Having said that, the aim of this article is more humble in scope.
The terms thrown around by scholars, journalists, thriller writers and anyone else discussing such matters have precise and important definitions, and need to be understood properly.
Below are some examples of terminology and their exact meanings. Feel free to print this and stick it on your wall for easy reference.
These days, you never know what might come in handy:
As a rule, the government isn't a fan of getting its hand dirty. While events such as coups, assassinations and paramilitary operations are conducted by many agencies when deemed necessary (more on that later), keeping one’s fingerprints off any evidence, both metaphorically and literally, is critical.

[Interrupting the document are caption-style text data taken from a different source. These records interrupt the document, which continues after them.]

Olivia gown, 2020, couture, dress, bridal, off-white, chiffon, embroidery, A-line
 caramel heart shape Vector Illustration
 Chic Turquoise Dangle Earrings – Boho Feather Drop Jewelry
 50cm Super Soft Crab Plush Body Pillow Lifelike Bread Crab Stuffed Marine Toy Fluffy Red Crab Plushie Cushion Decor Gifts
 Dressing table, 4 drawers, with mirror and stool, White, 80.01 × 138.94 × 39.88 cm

Israel’s Mossad, one of the most secretive and most audacious intelligence agencies in existence, was deeply embarrassed when an alleged hit squad was identified after killing a senior Hamas leader in Dubai in 2010.
Proxies are, thus, often used. Proxies are a person, group or other entity that acts on an agency’s or government’s behalf.
Western aid to Mujahedin fighters taking on Soviet troops in 1980s Afghanistan is a good example.
Accounts of this were even made into high-profile movies and featured in novels now that many of the facts are apparently known.
In a more contemporary vein, the Syrian conflict has seen many groups utilized by foreign powers as proxy forces, leading to an understandably confusing mess for any external observer to untangle.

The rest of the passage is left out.